I've got a 2003 325xiT coming up on 65,000 mi & am getting set up to do some P.M on it.

On top of engine oil & filter, I going to do driveline oil changes (front & rear differentials, manual transmission, & transfer case) using Red Line Synthetic, water pump, thermostat & housing, upper & lower radiator hoses, & coolant.
Now here's my question: Does anyone have the part numbers for the seal/crush washers for the differentials, manual transmission, & transfer case oil fill & drain plugs?
Thanks
Mark


----------



## stlmethod (Jul 12, 2009)

Double check on the RealOEM site using the last 7 of your VIN. I have an 03 325xi and I'm looking to do these soon as well. Let me know how it goes and what fluids you are using. 
The research I have done shows Husker BMW having the best prices on these, although I don't know the shipping and prices can change. Either way we are not talking big bucks.

Man Trans: #5
http://www.realoem.com/bmw/showparts.do?model=EU33&mospid=47722&btnr=23_0891&hg=23&fg=15

Differential: Same for front and rear, #10, 11
http://www.realoem.com/bmw/showparts.do?model=EU33&mospid=47722&btnr=31_0568&hg=31&fg=15

Transfer Case: #10, 11
http://www.realoem.com/bmw/showparts.do?model=EU33&mospid=47722&btnr=27_0015&hg=27&fg=15


----------



## stlmethod (Jul 12, 2009)

Just re-read about the fluids, good luck.


----------



## mbushnell (Aug 7, 2002)

stlmethod said:


> Let me know how it goes and what fluids you are using.

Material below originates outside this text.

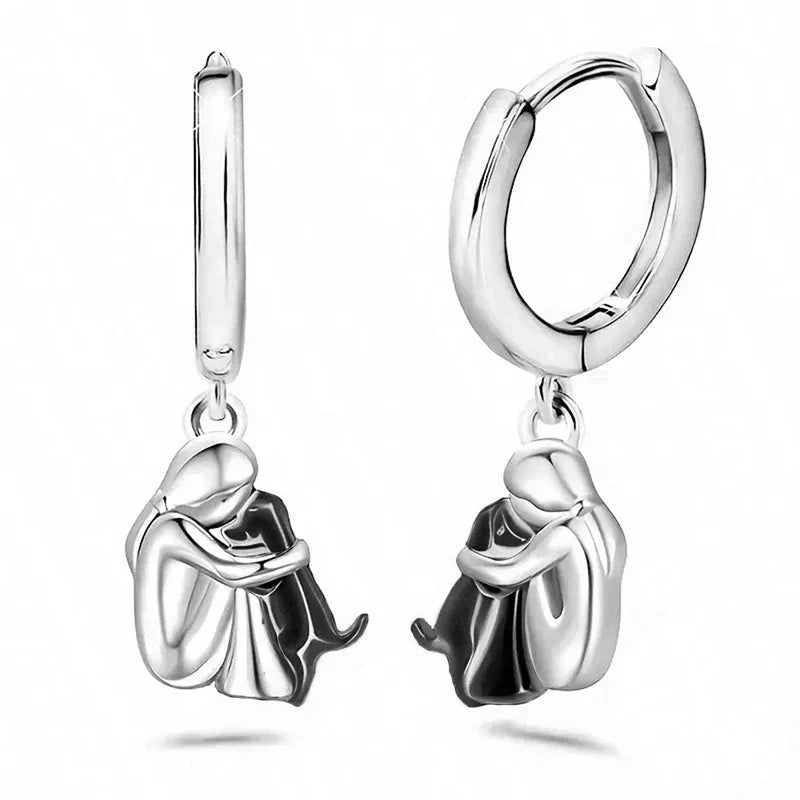 Margarida Lisboa™ - Amor Animal | Elegância e amizade canina – Brincos (fecho redondo)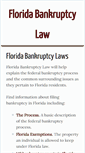 Mobile Screenshot of floridabankruptcylaws.com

I'm going to use Red Line D4ATF in the transmission (BMW calls out for Automatic Transmission Fluid in the manual transmission) & also in the transfer case.

Using Red Line 75W90 in the front & rear differentials.

I got the engine oil & filter (BMW), Red Line fluid, water pump, thermostat & housing, and the upper & lower radiator hoses from Bavarian Auto Parts. Should be coming via UPS tomorrow.

I going to get the coolant & any other odds & ends from my local dealer (JMK in Springfield, NJ)


----------